# Troll Records – Scary Spooky Stories (1973)



## Dinosaur1972 (Mar 28, 2007)

Troll Records – Scary Spooky Stories (1973)
GHOST STORIES

“Here are six famous stories narrated with all the chills and thrills that made them so successful around campfires on late summer evenings or in darkened rooms on cold and rainy winter nights” claims the back of this classic album of ghost stories. Troll Records is well known as a publisher of plenty of spooky albums in the 1970’s. This album seems to be geared toward younger listeners, with six classic ghost stories read by Ralph Bell, Robert Dryden, and Daniel Ocko. You’ve probably already heard several of the stories, especially “The Skinny Toe” and “Wait ‘Til Martin Comes”.

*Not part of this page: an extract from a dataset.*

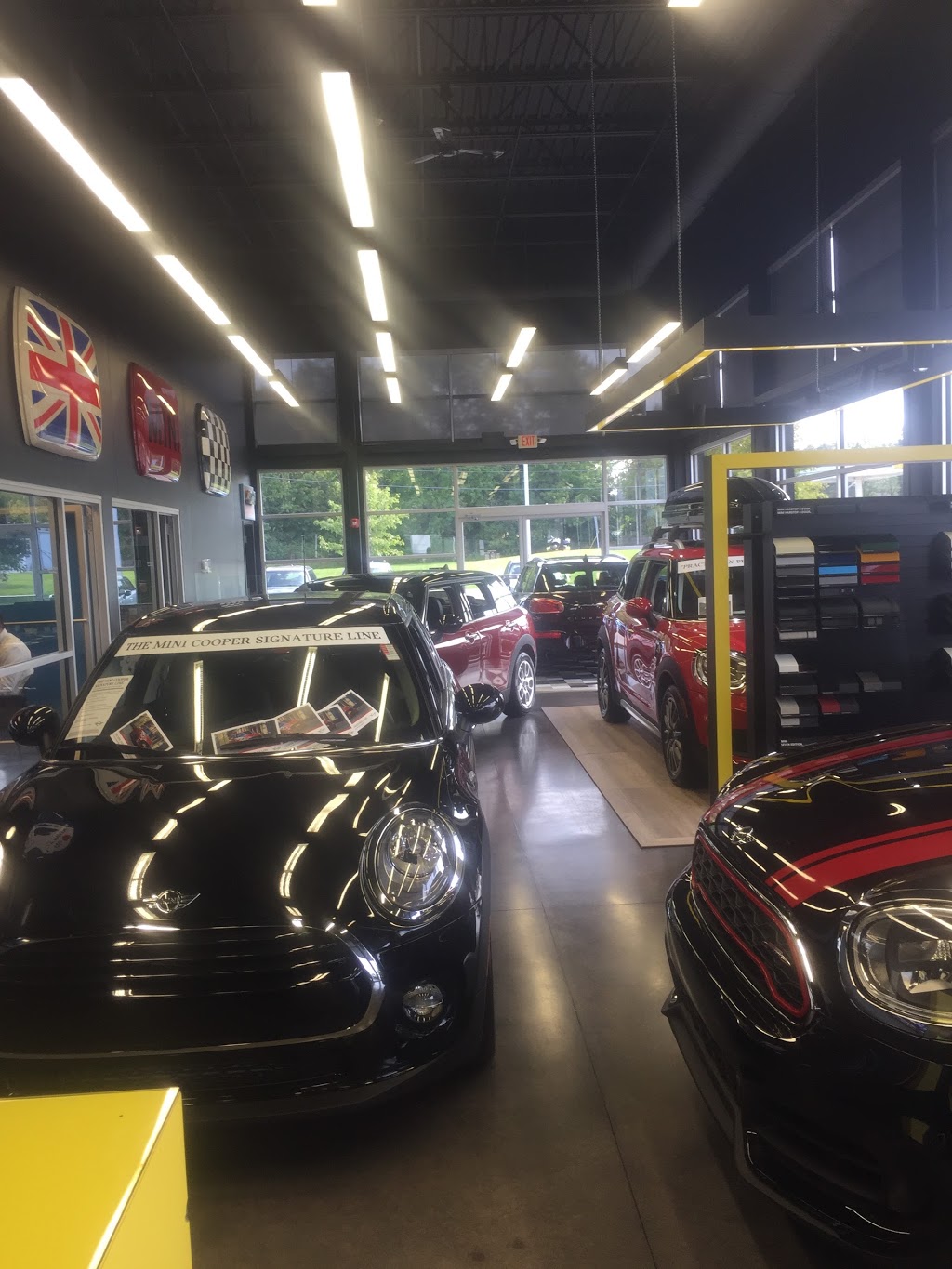 Towne MINI | 8240 Main St, Williamsville, NY 14221, USA | Phone: (716) 504-6464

I enjoy listening to this album tremendously, and I’m looking forward to when my own kids are old enough to hear them, too. (My oldest is 7 … she might be ready for a couple of these stories.) The readers have very radio-friendly voices … all three worked for the CBS Radio Workshop at some point … and there are sound effects and music which really enhance the stories. And even though this album is 35 years old, it doesn’t sound all that dated.

Halloweiner has it here.

This is part of a series from Troll Records, which also includes “Great Ghost Stories”, “Thrillers and Chillers”, and “Weird Tales of the Unknown”.


----------